Osteogenesis Imperfecta

Clinical Definition and Features

Clinical manifestation of Osteogenesis imperfecta Figure X-1 | Image courtesy of OI Foundation Opens in new window

Osteogenesis imperfecta (OI) is a heterogeneous group of genetic disorders of type I collagen metabolism characterized by extreme fragility and porosity of the bones, with an attendant proneness to fracture.

The severity of OI symptoms ranges from prenatal death to mild osteopenia without limb deformity; and the incidence ranges from 1 per 20,000 to 1 per 50,000 live births. There is no predilection for race, gender, or ethnic origin.

Although bone fragility is the cardinal feature of osteogenesis imperfecta, other tissues in which type I collagen is the primary structural protein are also affected.
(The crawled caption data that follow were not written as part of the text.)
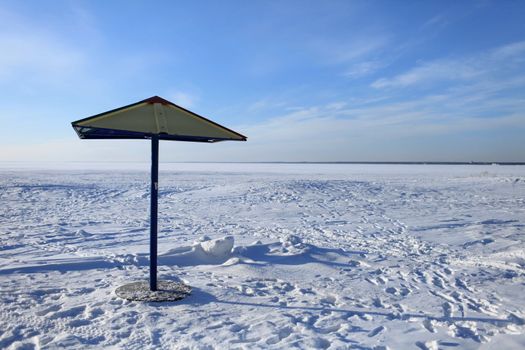 frozen sea looking like white snowy desert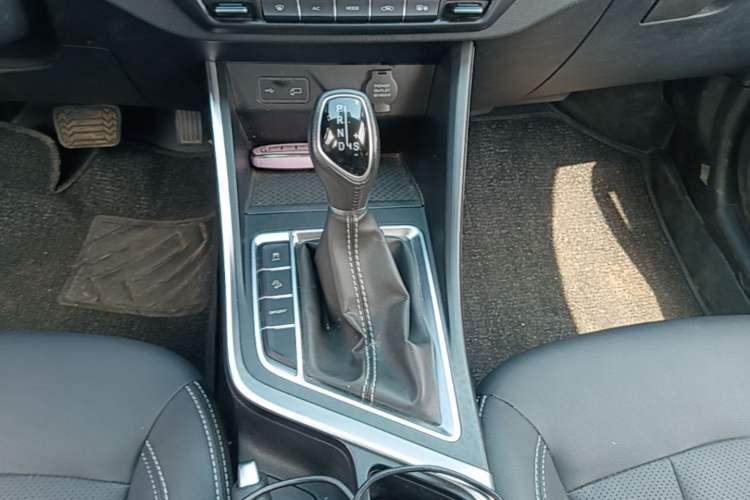 Used Geely Auto Vision X3 2020 1.5L CVT Luxury Model Gear Lever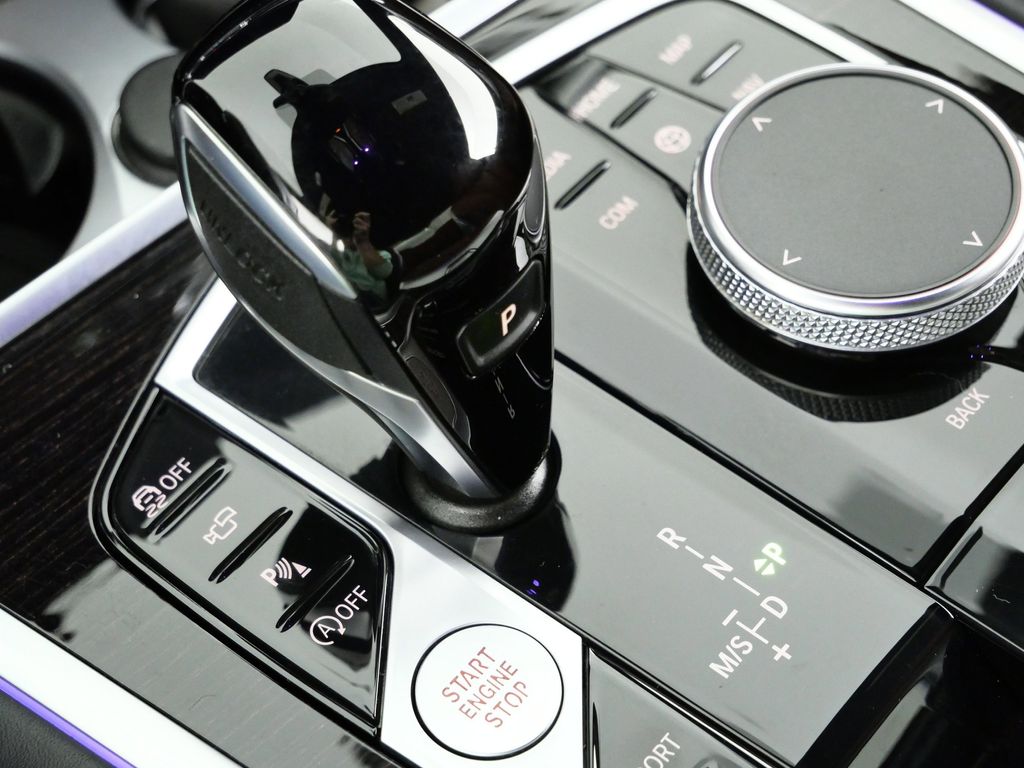 Thumbnail: 2024 BMW 8 Series - 49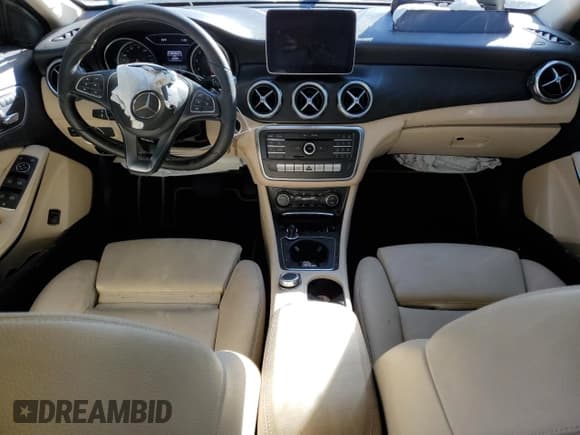 ✅ 2020 Mercedes-Benz GLA 250 • VIN: W1NTG4EB7LU040379 • Лот: 72948142. Опубликован ранее на Copart с пробегом 43 394 миль. Бесплатный доступ к архиву аукционных продаж из США и подробный отчёт об истории автомобиля на DreamBid. Изображение 8.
These include skin, tendon, ligament, and dentin.

Associated features in some affected individuals include:

  • blue sclera,
  • opalescent teeth with characteristic radiologic features,
  • hearing loss,
  • deformity of long bones and spine, and
  • joint hyperextensibility.

Types of Osteogenesis Imperfecta

Osteogenesis imperfecta is divided on a clinical and hereditary basis into four types. The severity of the disorder varies widely between and even within families; some individuals have minimum involvement of the skeleton and may never have a fracture, whereas others have very severe involvement and many fractures.

Clinical and genetic studies delineate four major syndrome groups (Table X-1). The estimated prevalence of all types combined is about 0.5/10,000 births (8).

Although all of these syndromes are likely heterogeneous (7) at the clinical, radiographic, and molecular levels.

Table X-1 | Major osteogenesis imperfecta syndromes
TypeSalient featuresInheritanceMost common
molecular background
Type I
  1. Mild to moderately severe fragile bone
  2. Hearing loss (50%)
AD (common)Nonfunctional COL1A1 gene (null allele)
Type IA
  1. Normal teeth
Type IB
  1. Opalescent teeth
Type II
  1. Very severe bone fragility
  2. Blue sclera
  3. Stillborn or death shortly after birth
  1. AD (common)
  2. AD (common)
  3. AR (doubtful)
Point mutations resulting in substitution of Gly residues in triple helix domain of α1(I)/α2(I)
Table X-1 Continues | Major osteogenesis imperfecta syndromes
TypeSalient featuresInheritanceMost common
molecular background
Type III
  1. Moderately severe to severe bone fragility
  2. Blue sclera (in infancy) Generally not lethal in infancy, but death in first decades is not uncommon
  1. AD (common)
  2. AR (infrequent)
Deletions in COL1A1 gene causing frameshift
Type IV
  1. Mild to moderately severe bone fragility
  2. Normal sclera, but may be pale blue in early infancy
  3. Hearing loss
ADPoint mutations in COL1A2 gene
Type IVA
  1. Normal teeth
Type IVB
  1. Opalescent teeth

Nomenclature classifying patients into congenital and tarda forms is not useful, as individuals with any osteogenesis imperfect syndrome can be born with fractures; in addition, this feature cannot be consistently correlated with inheritance pattern, prognosis, or recurrence risk (1,2,4).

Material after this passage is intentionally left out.